Against this backdrop, TU Delft led the cross-pilot evaluation within Task 7.8. The objective was to generate a harmonised and comparable evidence base capable of validating the beta version of the MOTIVATE XR platform and guiding the next development cycle. Rather than focusing on isolated pilot outcomes, the evaluation was explicitly designed to look across pilots, identifying common patterns, context-dependent dynamics, and shared opportunities for refinement. 

This blog post describes the process, methodology, and value of the cross-pilot evaluation. It explains why such an evaluation is essential in a multi-pilot XR project, how it was conducted in practice, and how it supports evidence-based decision-making as MOTIVATE XR progresses towards final validation. 

Why a Cross-Pilot Evaluation Matters

In multi-pilot innovation projects, evaluation activities are often conducted locally. Each pilot may use different instruments, criteria, or timelines, reflecting local priorities and operational realities. While these local evaluations can be informative, they also create fragmentation.

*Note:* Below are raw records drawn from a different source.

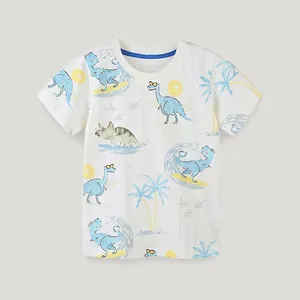 T-Shirt en Coton à Manches Courtes Été Garçon Mignon Dinosaure de Dessin Animé Surf Imprimé Décontracté Col Rond Pull Haut Enfants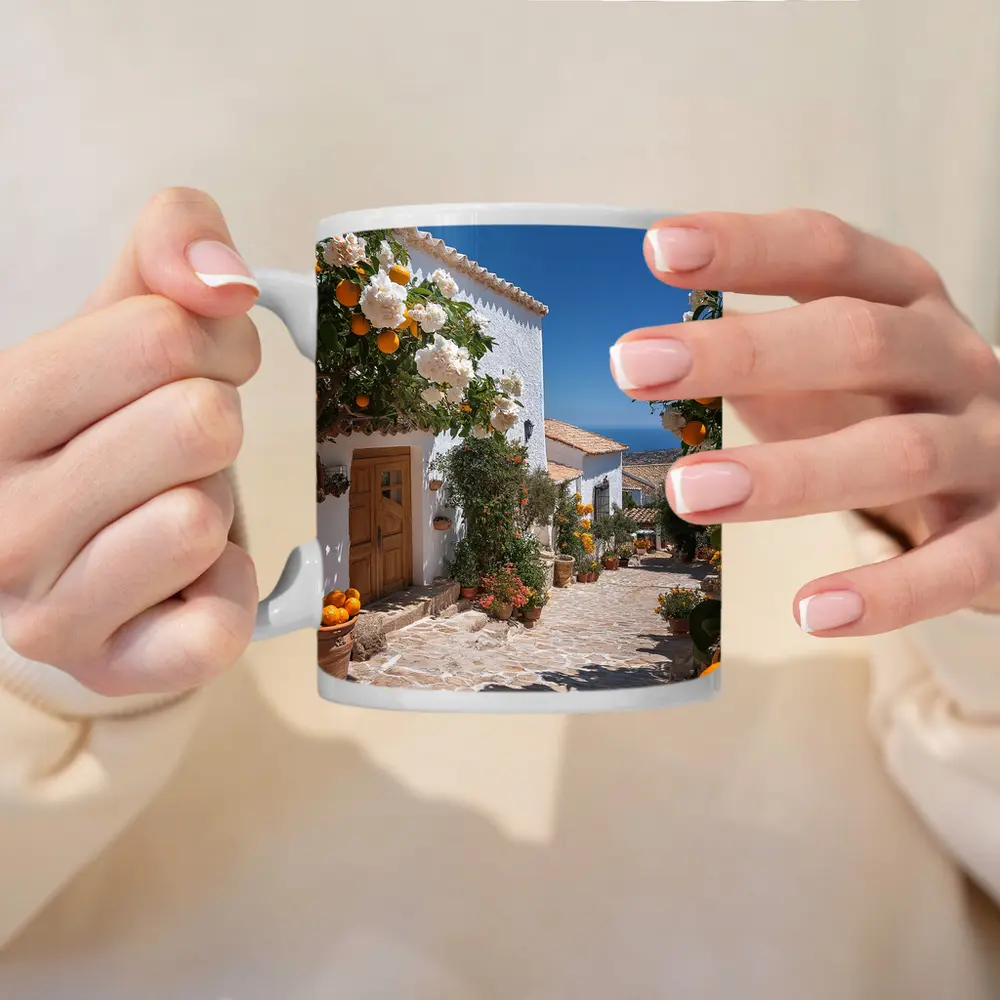 Mediterranean Village Courtyard Orange Trees White Houses – Mugs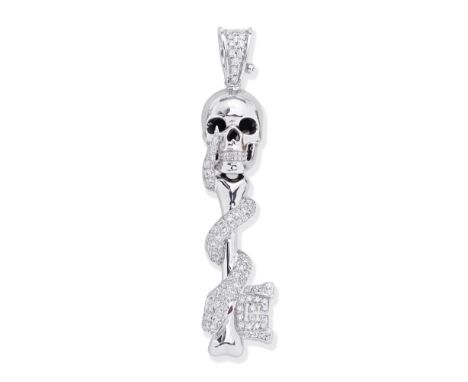 THEO FENNELL: DIAMOND-SET SKELETON KEY PENDANT, 2010Designed as a skull and key with a brilliant-cut diamond coiling snake wi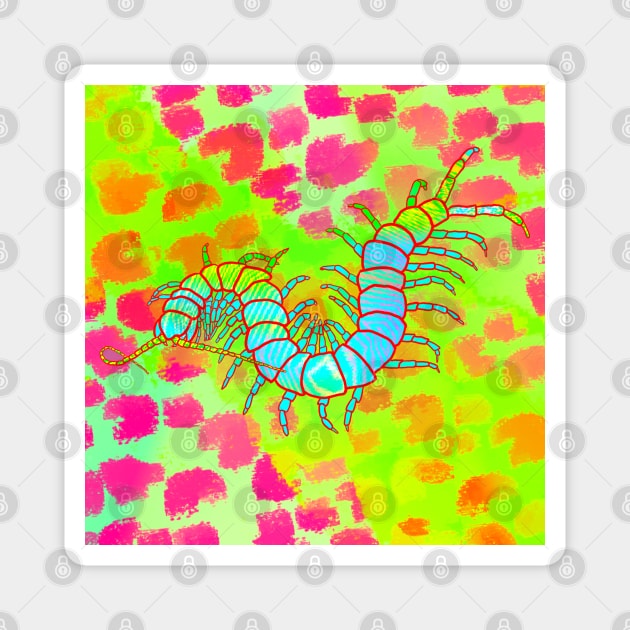 Pretty Centipede | Cheetah Print (Deep Pink/Chartreuse) Magnet by techno-mantis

Without a shared framework, it becomes difficult to answer project-level questions that are critical for continuation, refinement, and scale-up. 

In particular, fragmented evaluation makes it challenging to assess how mature the technology is across pilots, how user perceptions change once participants move from expectations to hands-on experience, and which challenges point to platform-level design priorities rather than context-specific issues. 

The cross-pilot evaluation in MOTIVATE XR was designed to address these challenges directly. Its purpose was not to rank pilots or to label outcomes as successes or failures. Instead, it aimed to create a shared reference frame for understanding technological readiness, user experience, and technology acceptance across highly diverse industrial environments. This approach enables meaningful comparison while avoiding simplistic conclusions that ignore contextual differences. 

HarmonisedTheory-Driven Evaluation Framework 

To ensure comparability and methodological robustness, TU Delft implemented a consistent, mixed-methods evaluation framework across all five pilots. The framework integrates technological assessment with human-centred evaluation and is grounded in established research models and standards. 

At a high level, the framework combines three complementary perspectives: 

  • Technological maturity, assessed through Technology Readiness Levels, to establish whether the platform is sufficiently stable and functional in relevant operational environments [1,2]. 
  • User experience and usability, capturing how the system is perceived and experienced during actual use, drawing on established usability and UX instruments [4–6]. 
  • Technology acceptance, examining how expectations, perceptions, and intentions evolve over time using the Technology Acceptance Model 3 (TAM3) [3]. 

 

Using validated instruments is essential for producing evidence that is not only descriptive but also interpretable and reusable across project phases. A structured evaluation timeline was defined to ensure that data were collected at comparable moments across pilots, allowing differences to be attributed to context and experience rather than to methodological inconsistencies. 

Evaluation Process and Timeline 

The evaluation followed both the technology and the user journey over time, rather than relying on a single snapshot. This longitudinal perspective is particularly important for XR technologies, where first impressions may differ substantially from experience-based judgements formed after training and practical use. 

Each pilot was assessed in terms of Technology Readiness Level at baseline and again at the end of the beta validation phase. TRL assessment provides a structured way to position a technology’s maturity, ranging from early conceptual development to demonstration in relevant environments [1,2]. Anchoring the evaluation in TRL ensured that user feedback was interpreted in light of the platform’s development stage, rather than against expectations of a fully mature system. 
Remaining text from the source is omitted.